Exercise description — For the data below, transcribe the part that opens with the line containing "Asırlık otomobil markası" and closes with the line containing "港人海外行山熱點　富士山立冬日積雪消失　氣溫連日異常溫暖", exactly and with no pictures.

Data to process —
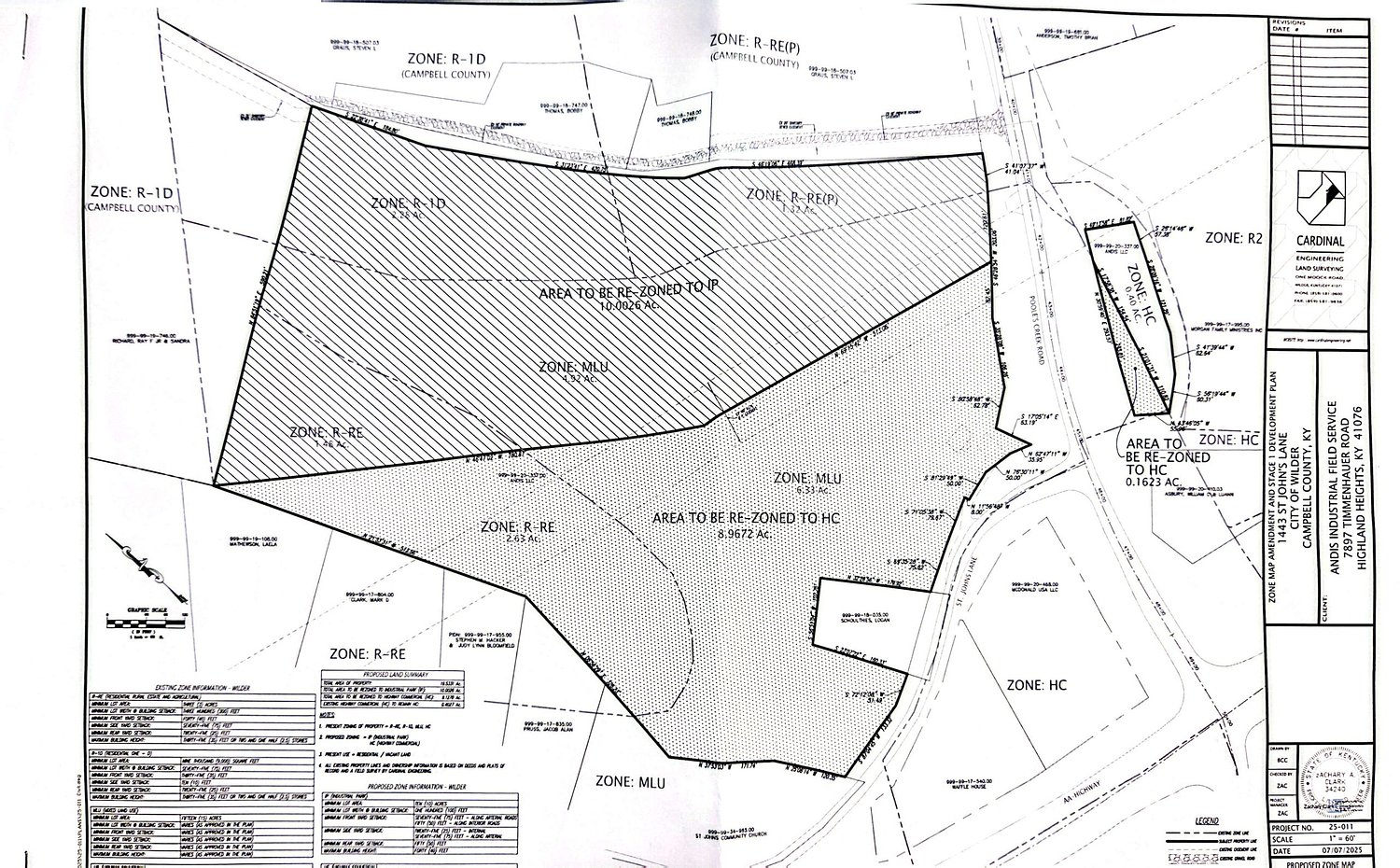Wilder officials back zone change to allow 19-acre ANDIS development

--

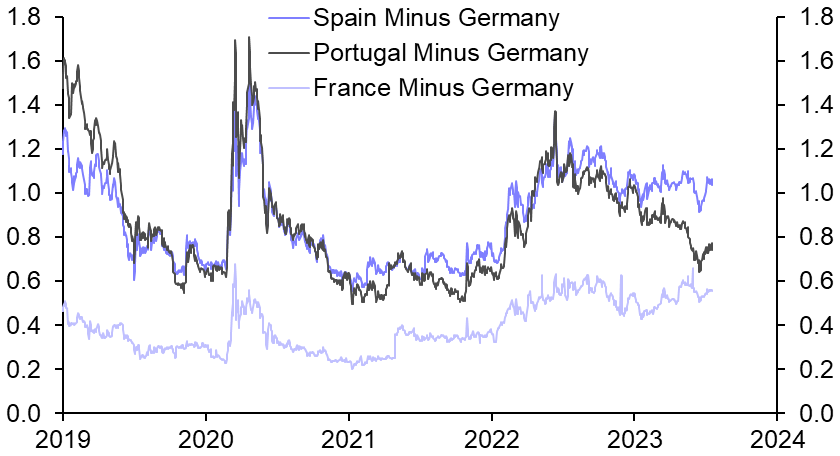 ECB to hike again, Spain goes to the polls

...

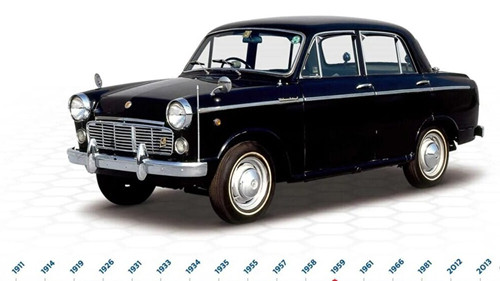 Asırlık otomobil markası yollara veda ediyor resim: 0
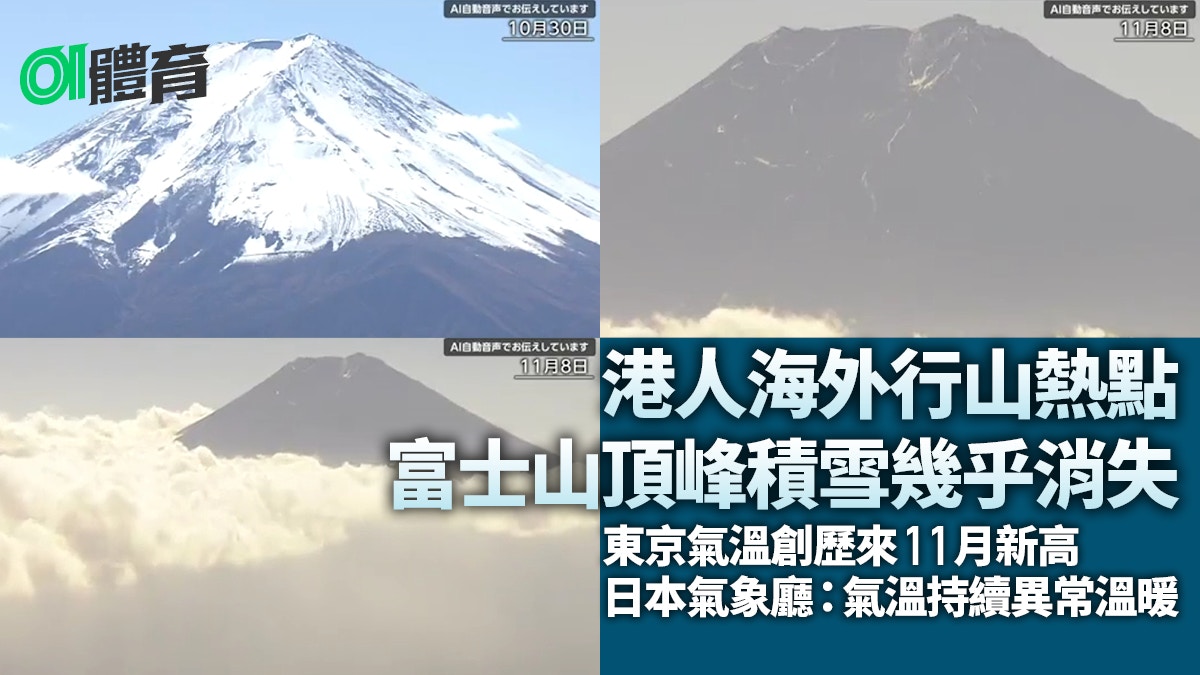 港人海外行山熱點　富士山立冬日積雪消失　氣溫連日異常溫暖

Answer for this exercise —
 Asırlık otomobil markası yollara veda ediyor resim: 0
 港人海外行山熱點　富士山立冬日積雪消失　氣溫連日異常溫暖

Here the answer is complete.